*** Records to use Section Begins ***
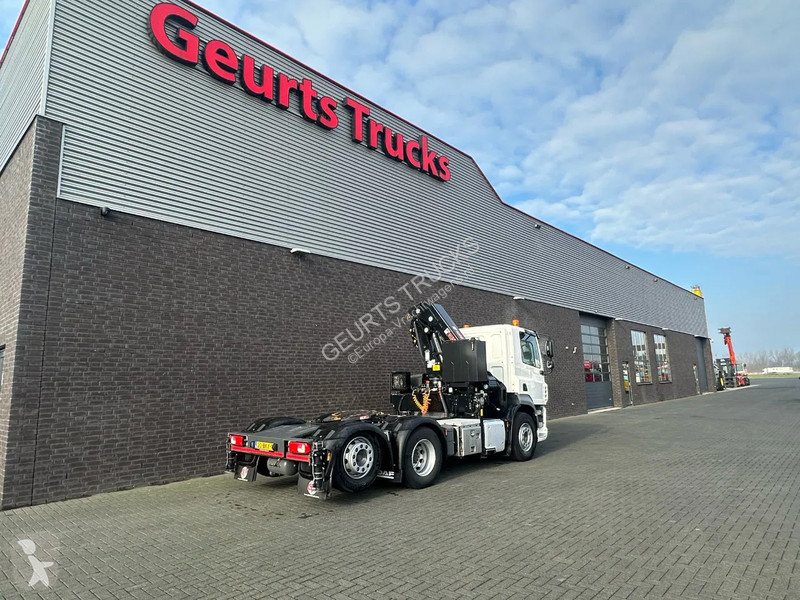 Camion DAF 480 6X2 HIAB X-HIDUO 298 EP-4...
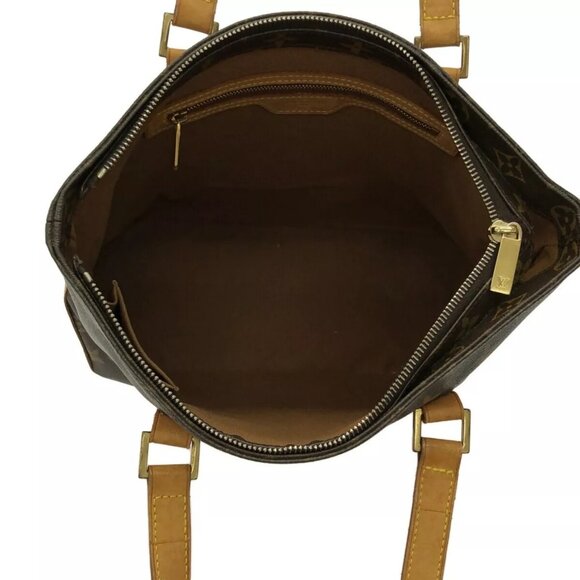 Auth LOUIS VUITTON Cabas Piano M51148 Monogram VI0053 Shoulder Bag - Picture 11 of 14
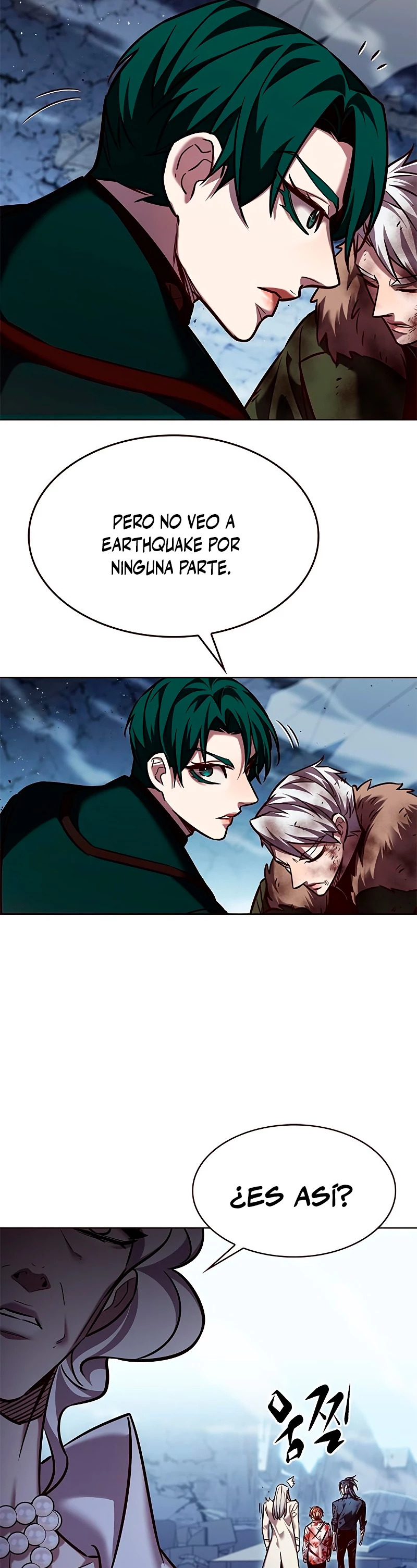 Read Eleceed Español Manga Online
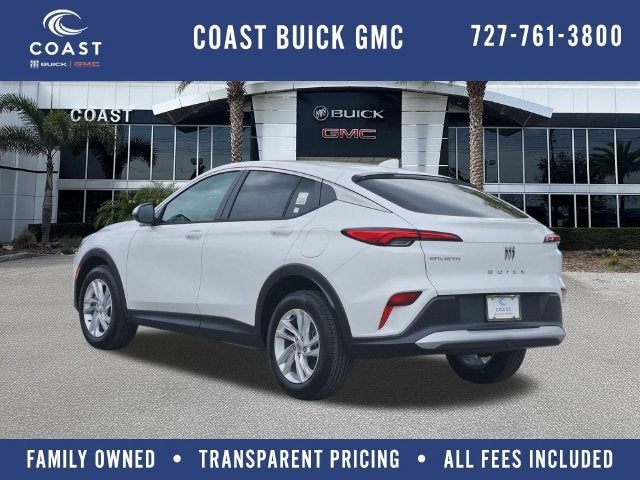 2026 Buick Envista Preferred
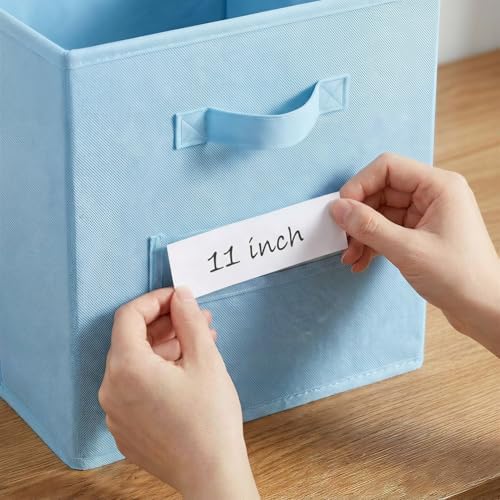 Storage Bins, 11 Inch Cube Storage Bin - Image 4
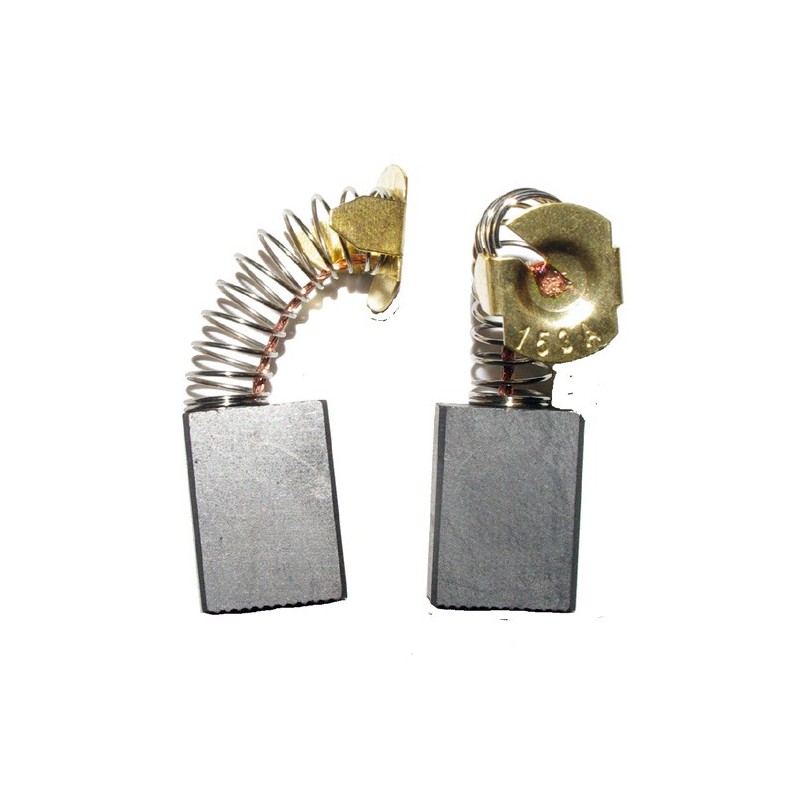 Szénkefe 6,5x14x17mm Szénkefe 6,5x14x17mm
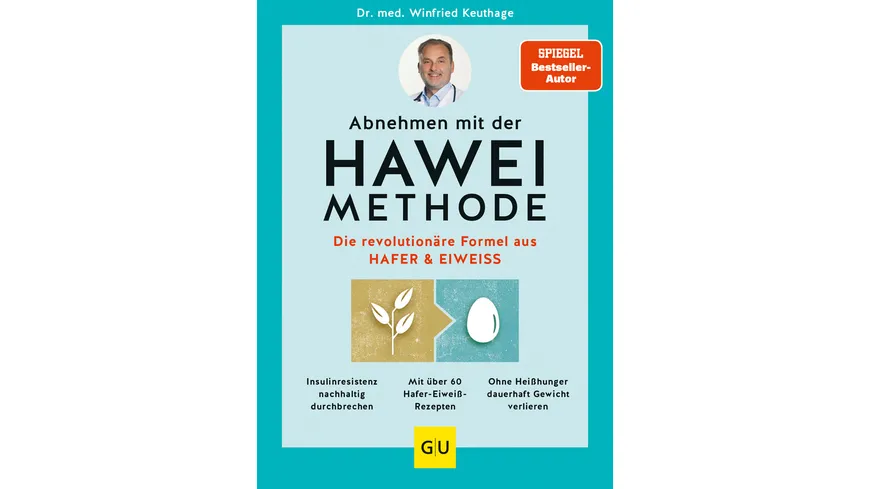 Abnehmen mit der HAWEI-Methode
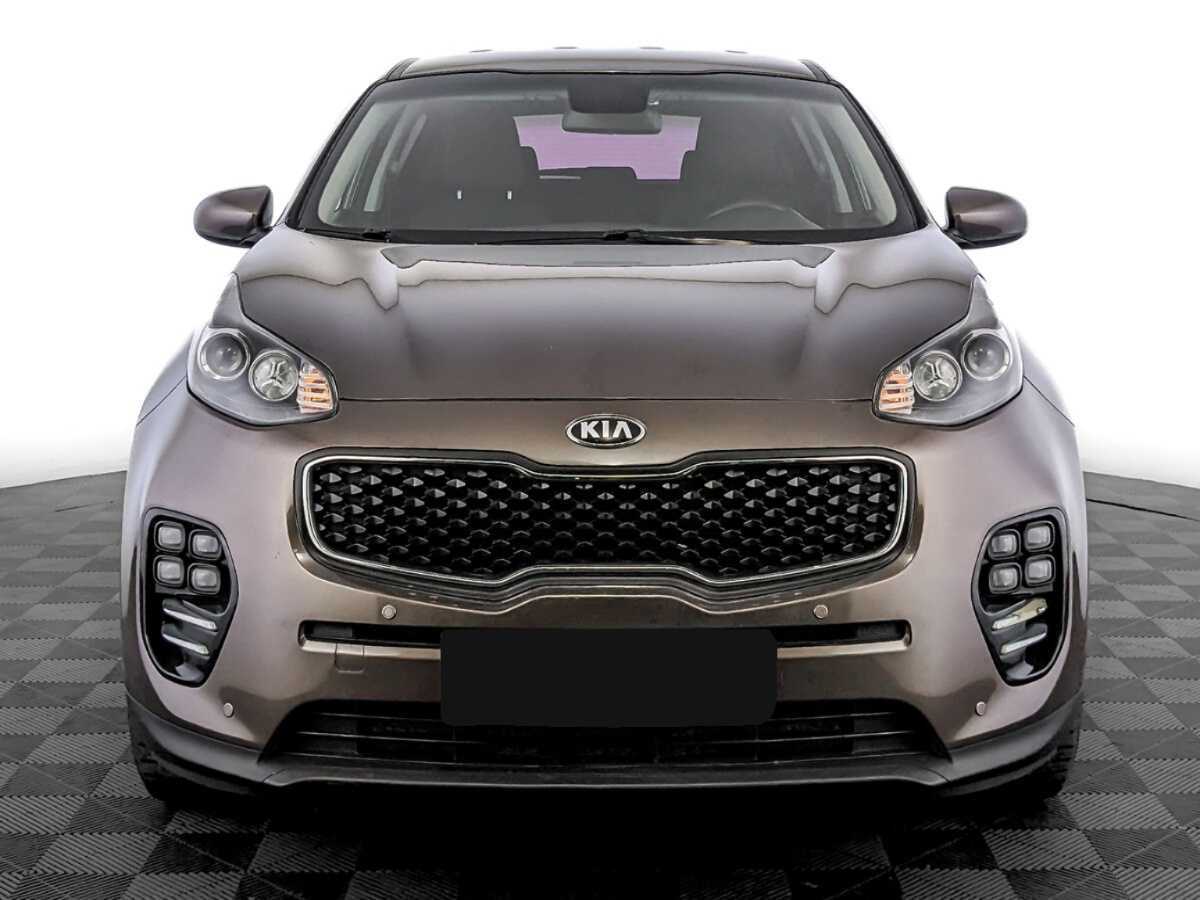 Kia Sportage, 2017 - 80 905 км. | Фото №2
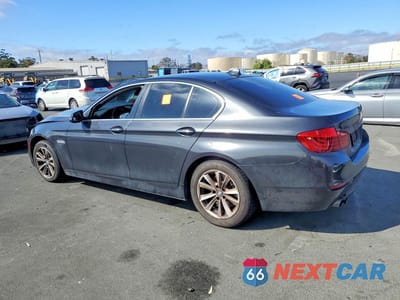 Drugie zdjęcie samochodu z przodu: 2016 BMW 528 I VIN:WBA5A5C55GD527670 - miniatura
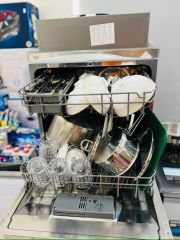 Máy rửa chén độc lập đặt bàn Beko DTC36810S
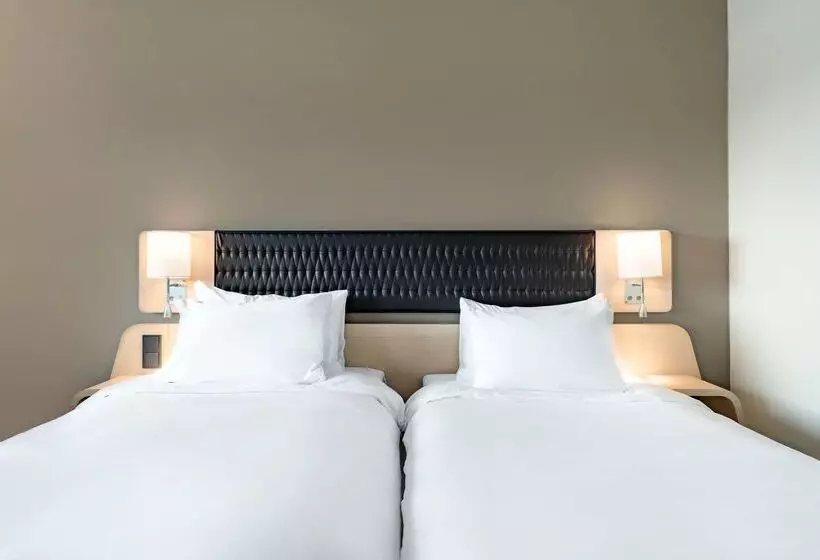 Radisson Blu Hotel, Trondheim Airport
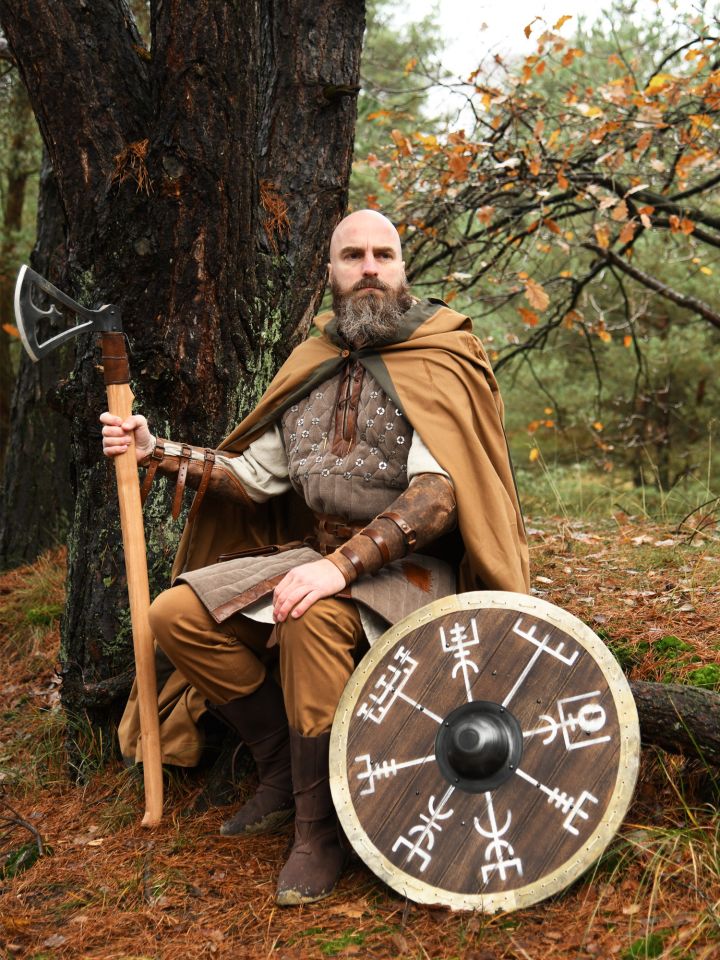 Wikingerschild Vegvísir, 60 cm 4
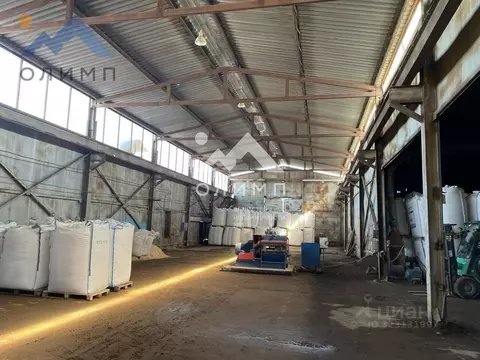 Производственное помещение в Вологодская область, Грязовецкий ...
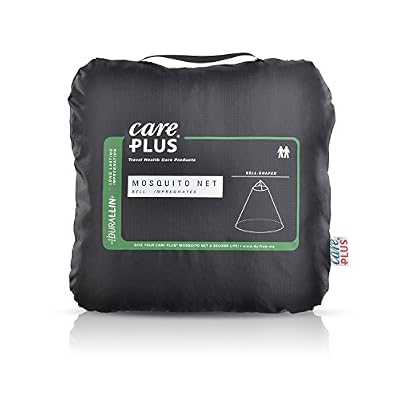 Care Plus Bell Moustiquaire Imprégnée pour 2 Personnes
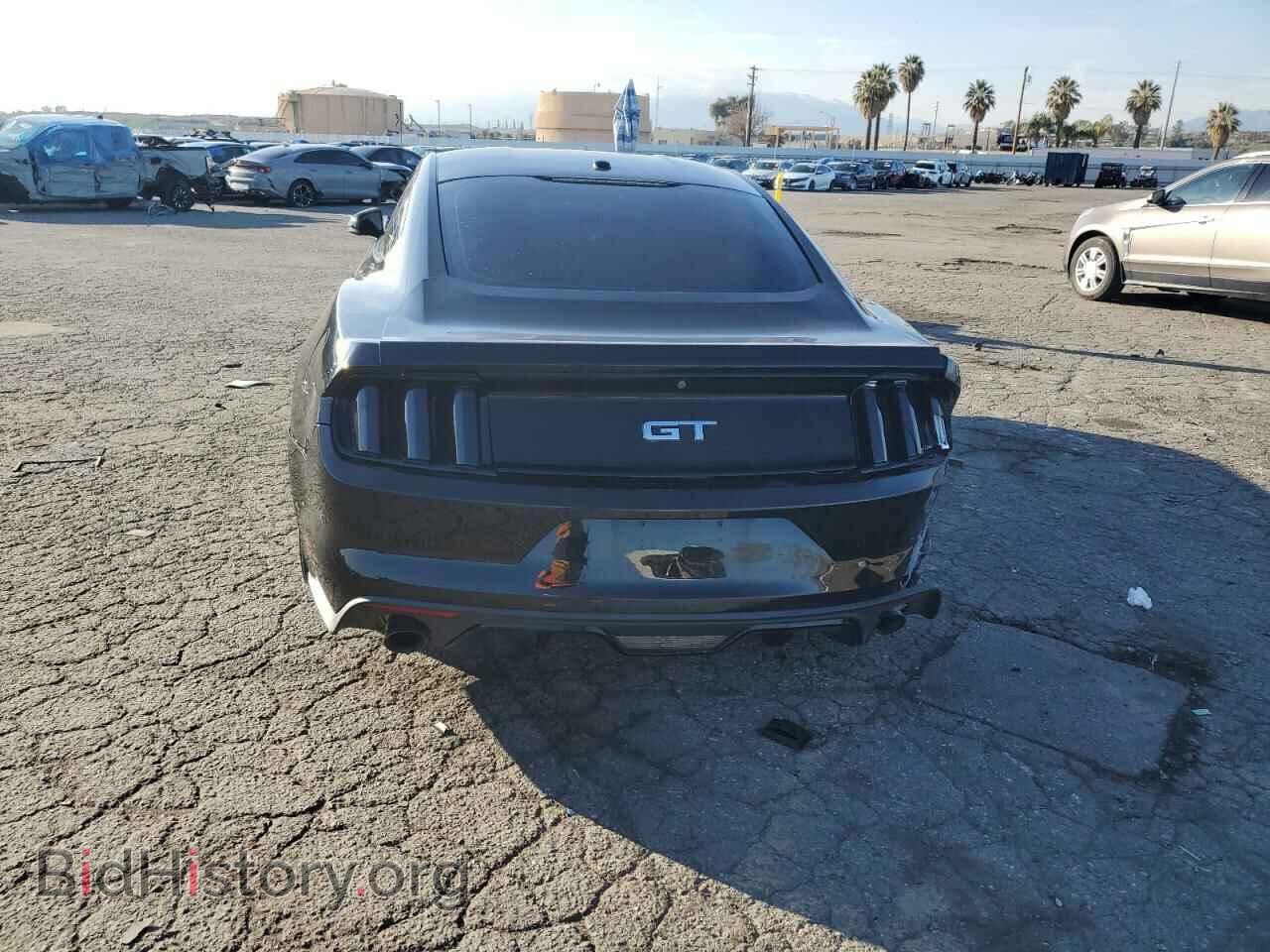 2015 FORD MUSTANG - VIN: 1FA6P8CF2F5306395 - Фото 6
*** Records to use Section Ends ***
→ **Your task**
From the line containing "Kia Sportage, 2017 - 80 905 км. | Фото №2" through the last line of the entries, both included, print each line exactly and omit any picture.

→ **Finished exercise**
 Kia Sportage, 2017 - 80 905 км. | Фото №2
 Drugie zdjęcie samochodu z przodu: 2016 BMW 528 I VIN:WBA5A5C55GD527670 - miniatura
 Máy rửa chén độc lập đặt bàn Beko DTC36810S
 Radisson Blu Hotel, Trondheim Airport
 Wikingerschild Vegvísir, 60 cm 4
 Производственное помещение в Вологодская область, Грязовецкий ...
 Care Plus Bell Moustiquaire Imprégnée pour 2 Personnes
 2015 FORD MUSTANG - VIN: 1FA6P8CF2F5306395 - Фото 6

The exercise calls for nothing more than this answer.